A tone control IS a low pass filter.

Yeah, i was thinking more in the scope of a larger db reduction. So you are correct, i just dont think of it that way. Could you get a cap to then reduce 100% of every frequency over 2K ?

 

[line6man]

Yeah, i was thinking more in the scope of a larger db reduction. So you are correct, i just dont think of it that way. Could you get a cap to then reduce 100% of every frequency over 2K ?

A capacitor is not like an on/off switch. There is a progression from fulling blocking to fully passing, as you move through the frequency spectrum. If you want everything above a particular frequency to be completely blocked, then there will be a range of frequencies below your target frequency that will be greatly reduced in amplitude.

 

[two fingers]

Yeah it's the whole circuit, not just the cap.

Think of it like a truck. How many tons you can tow is not just dependent upon horsepower alone. There's the horsepower of the engine, the gear ratios of the transmission, the ratio of the rear end, the size and grip of the wheels/tires, etc.

So you could put the same 450 hp engine in two vehicles and it will get two different results. One could go warp speed but not have enough torque to pull "a greased string out of a pig's behind". The other can pull Manhattan out of the ocean and you have to measure its 0-60 time with a calendar.

Short version: It's one component in a circuit. It alone will not get you where you want to be.

You have to remember the treble cut pot is a R/C network, resistance & capacitance.
So the full value of the capacitor isn't realized until the resistance is eliminated (turned full counter-clockwise).

There is no chart, because it's not universal. The frequency cutoff happens at different frequencies, depending on the impedance of the pickup. This is why lower impedance pickups tend to be paired with higher capacitances, and higher impedance pickups tend to be paired with lower capacitances. For example, you can use a 0.2uF capacitor with active EMG pickups, but the same capacitance gives you nothing but mud with a standard passive pickup.

 

[Whil57]

Thanks all.

 

[khutch]

Here is a chart of how a typical cap value works against typical pickup impedances:

The pickup impedance models used in the above are "typical" and do not necessarily match what is in your bass exactly.

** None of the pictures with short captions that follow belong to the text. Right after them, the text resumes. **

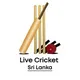 Live Cricket Sri Lanka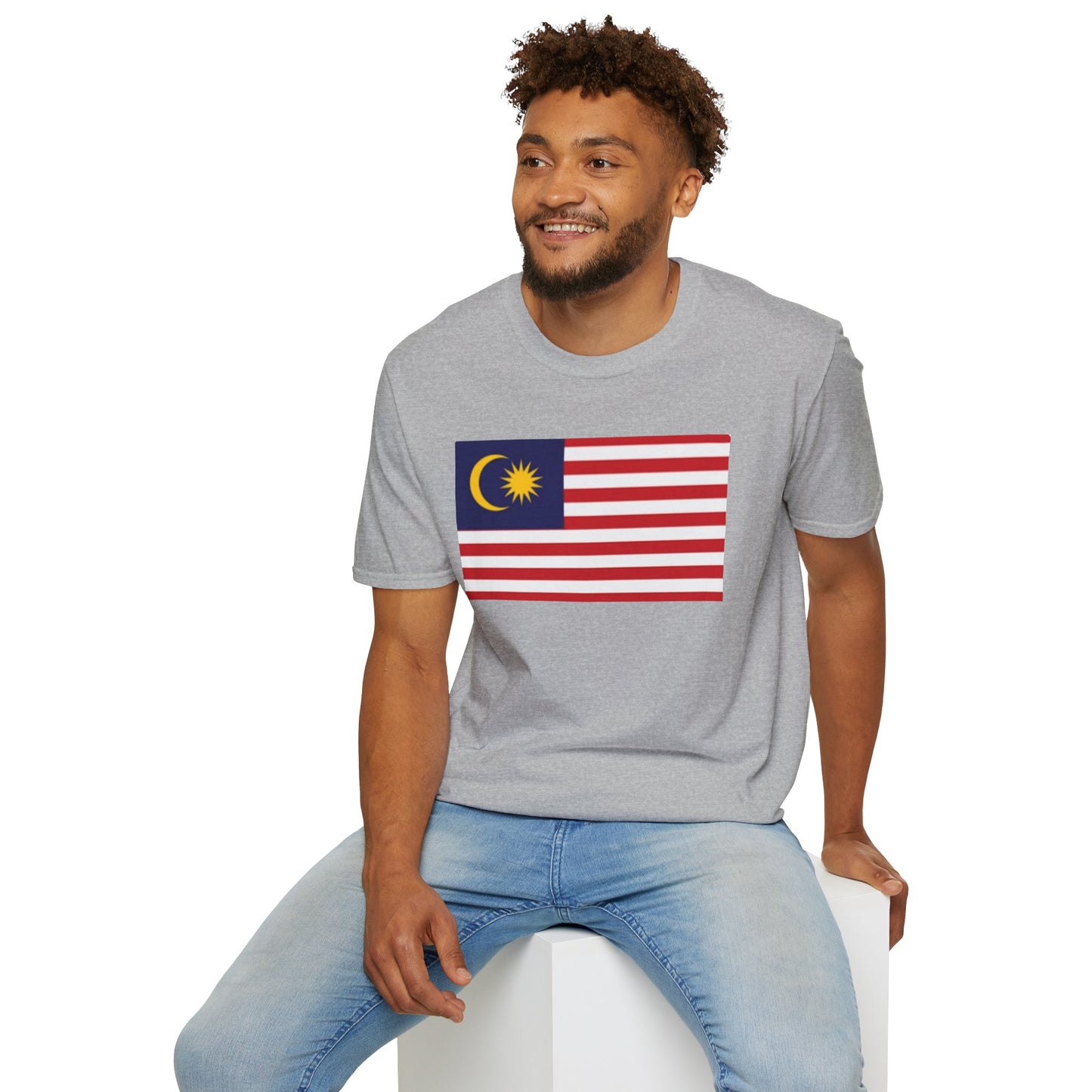 Unisex Softstyle T-Shirt -- Malaysia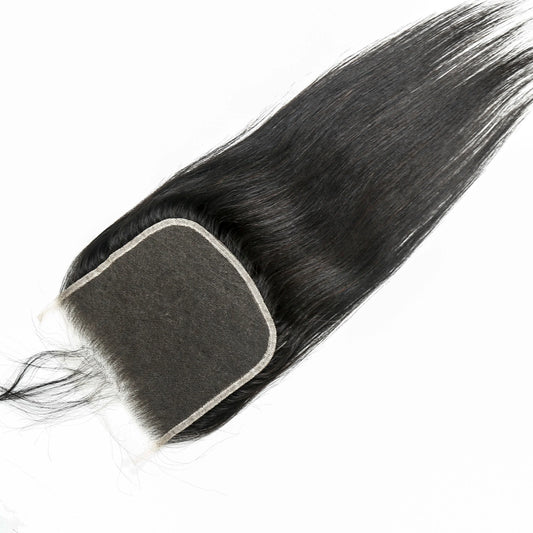 Hair 6x6 HD Lace Cloure Straight Small Knots 100% Human Hair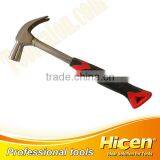 Claw Hammer With Steel Tubular Handle thumbnail-1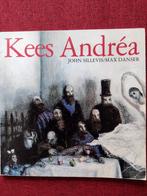 KEES ANDREA, Gelezen, Ophalen of Verzenden, Sillevis / Danser, Schilder- en Tekenkunst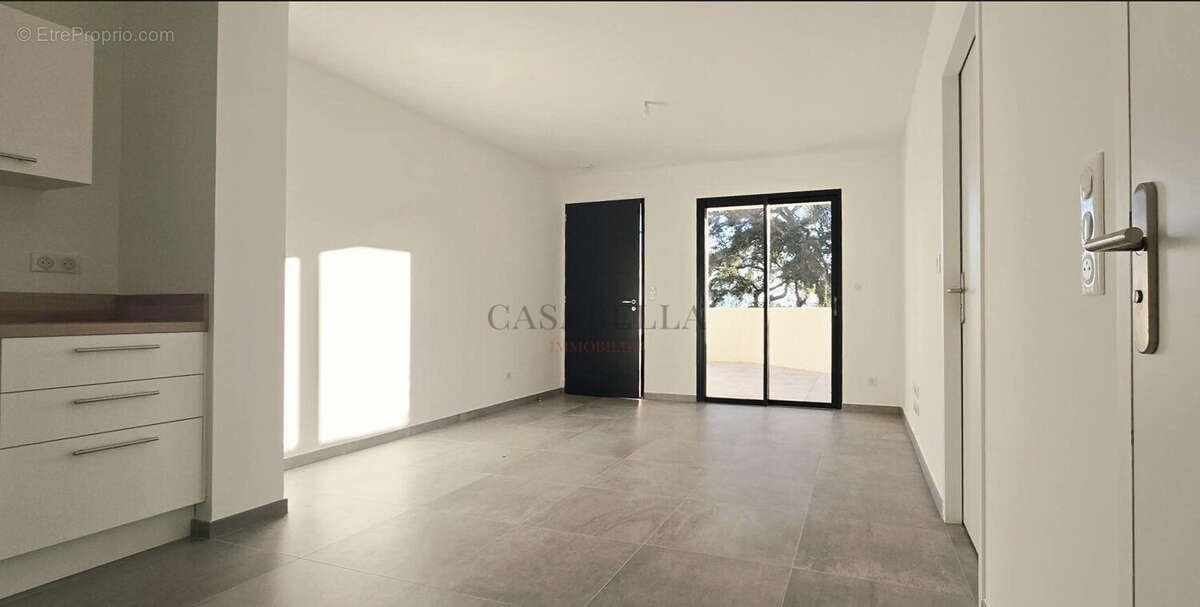 Appartement à AJACCIO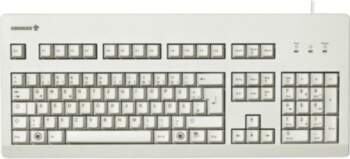CHERRY G80-3000 German keyboard cable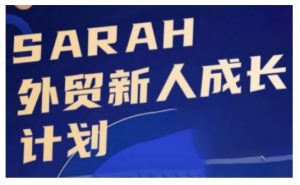 外贸新人成长计划，外贸新人学起来，偷偷让自己变强大-88共享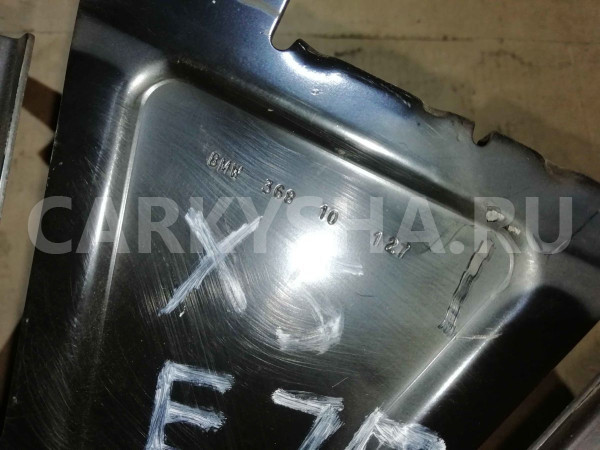 Кронштейн BMW X5 E70 (2006—2010) BMW X5 оригинальный номер 65156951368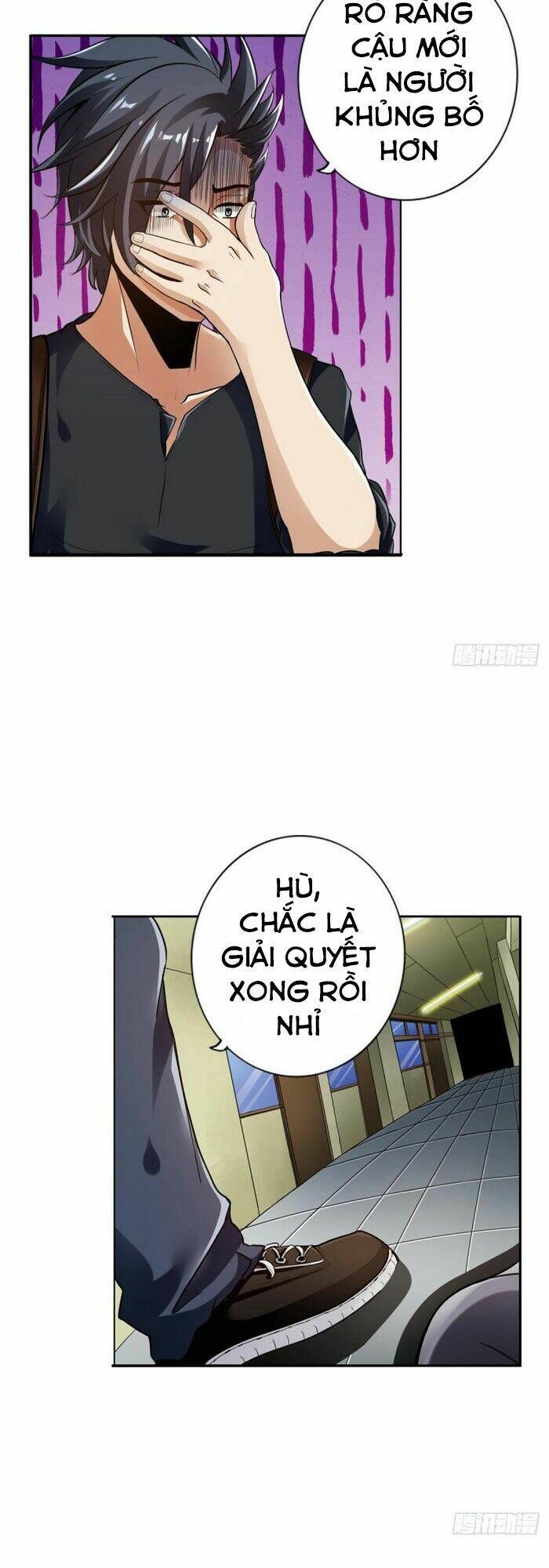 Nhân Vật Phản Diện Đi Tìm Đường Chết Chapter 82 - 6
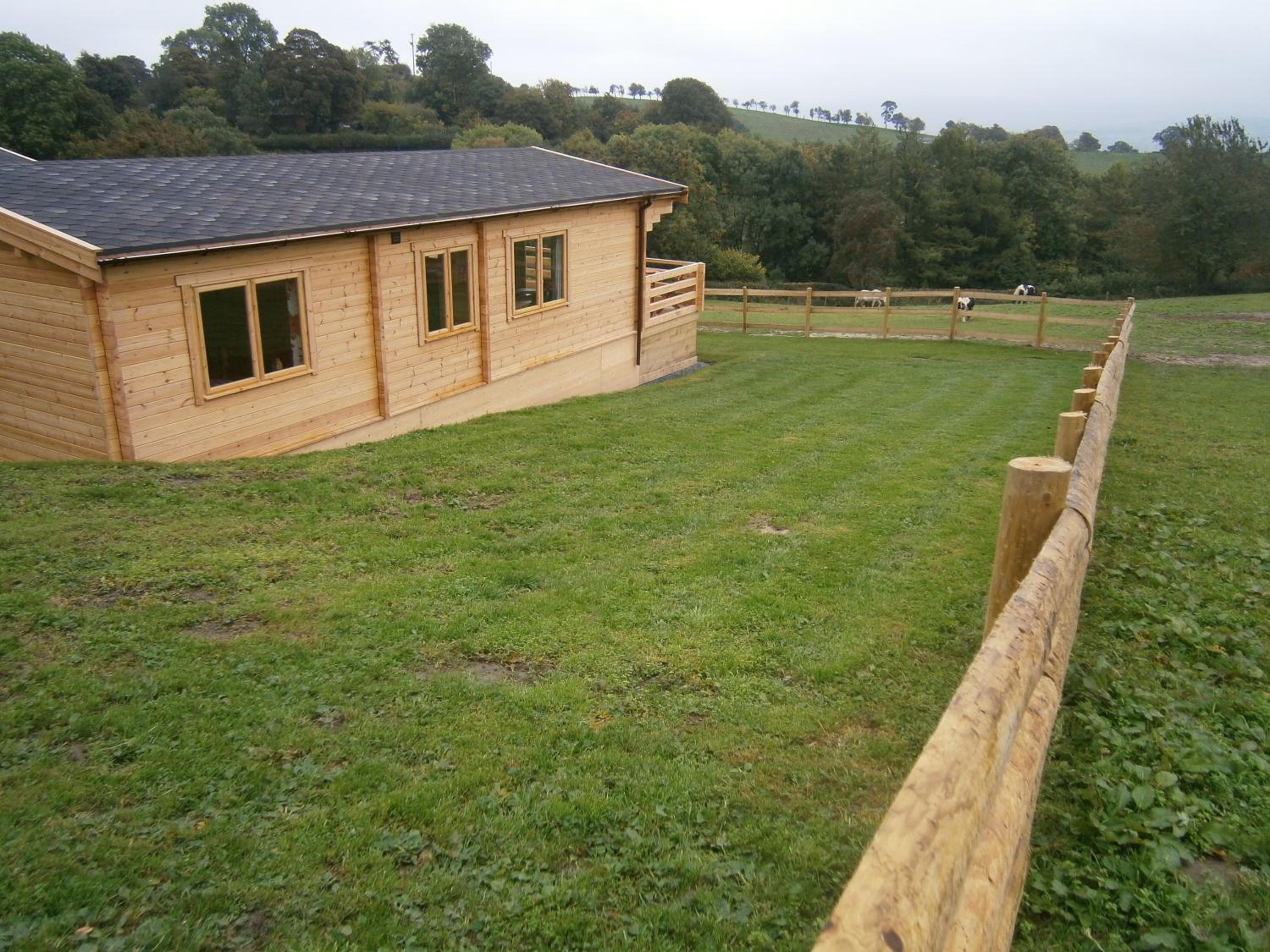 Chalet - Photo 19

Obviously there are more than just the two different pickup models that I graphed out there on the market, there are dozens. And clearly you get a very different response when two pickups are active than you get when only one is. So it just is not possible to make a chart that shows you what a given cap value will do in your bass, there are way too many variables to plot. A listening test is your best guide to picking a cap value.

You can also see that as the others have said a capacitor does not act like a switch. It does not kill every frequency above some cutoff number. The attenuation with frequency varies and it never becomes 100% (which would correspond to negative infinity on a log/dB scale). On the other hand once the attenuation rises above some value then every frequency above that point is for all intents and purposes "killed". Various ears will disagree somewhat but most would find that any frequency attenuated more than 20 dB is essentially gone. Frequencies that are attenuated more than 0 dB and less than 20 dB are gone to some extent but various ears will disagree strongly on the exact cutoff.

I've noted the 20 dB cutoff frequencies for the single Precision, single Jazz, Precision + Jazz, and Jazz + Jazz pickup configurations on the chart above.

 

[micguy]

A capacitor doesn't have a "frequency" on it's own - it works in conjunction with the other things in the circuit. In the case of loading a pickup, the pickup has resistance and inductance, both of which can interact with a capacitor to resonate, have low pass or high pass characteristics, etc. - all depending on how things are hooked up.

Think of a capacitor as a spring, upon which you place an object with mass (your pickup's inductance). The heavier the object, the lower the resonance frequency of the combination. The lighter, the higher the resonance frequency. If you go measuring inductance, you will find quite a range of inductances - I've measured everything from half a Henry to 12 Henries, and I'm pretty sure mudbuckers are much higher than that (I haven't measured those). That's a range of 24 to 1 - like putting a one ton racing car or a 24 ton delivery truck on the same set of springs, things will work much differently depending on the mass involved.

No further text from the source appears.